[Stored dataset items]
■ ■ ■ ■

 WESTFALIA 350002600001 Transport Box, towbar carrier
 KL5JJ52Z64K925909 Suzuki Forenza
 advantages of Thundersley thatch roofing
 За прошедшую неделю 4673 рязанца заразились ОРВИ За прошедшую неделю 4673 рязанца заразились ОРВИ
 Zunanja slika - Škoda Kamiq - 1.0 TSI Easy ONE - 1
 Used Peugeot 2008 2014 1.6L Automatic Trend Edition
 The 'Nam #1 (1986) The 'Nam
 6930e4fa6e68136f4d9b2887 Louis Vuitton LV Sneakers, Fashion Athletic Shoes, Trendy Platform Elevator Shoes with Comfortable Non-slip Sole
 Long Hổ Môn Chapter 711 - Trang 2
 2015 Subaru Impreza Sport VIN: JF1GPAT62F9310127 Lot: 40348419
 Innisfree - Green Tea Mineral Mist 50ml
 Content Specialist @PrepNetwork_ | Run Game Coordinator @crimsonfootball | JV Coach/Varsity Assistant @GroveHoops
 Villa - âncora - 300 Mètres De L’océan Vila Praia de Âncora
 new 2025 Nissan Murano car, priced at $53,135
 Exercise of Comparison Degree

■ ■ ■ ■

Give back each entry so that it matches the original word for word.

▸ **Answer space**
 WESTFALIA 350002600001 Transport Box, towbar carrier
 KL5JJ52Z64K925909 Suzuki Forenza
 advantages of Thundersley thatch roofing
 За прошедшую неделю 4673 рязанца заразились ОРВИ За прошедшую неделю 4673 рязанца заразились ОРВИ
 Zunanja slika - Škoda Kamiq - 1.0 TSI Easy ONE - 1
 Used Peugeot 2008 2014 1.6L Automatic Trend Edition
 The 'Nam #1 (1986) The 'Nam
 6930e4fa6e68136f4d9b2887 Louis Vuitton LV Sneakers, Fashion Athletic Shoes, Trendy Platform Elevator Shoes with Comfortable Non-slip Sole
 Long Hổ Môn Chapter 711 - Trang 2
 2015 Subaru Impreza Sport VIN: JF1GPAT62F9310127 Lot: 40348419
 Innisfree - Green Tea Mineral Mist 50ml
 Content Specialist @PrepNetwork_ | Run Game Coordinator @crimsonfootball | JV Coach/Varsity Assistant @GroveHoops
 Villa - âncora - 300 Mètres De L’océan Vila Praia de Âncora
 new 2025 Nissan Murano car, priced at $53,135
 Exercise of Comparison Degree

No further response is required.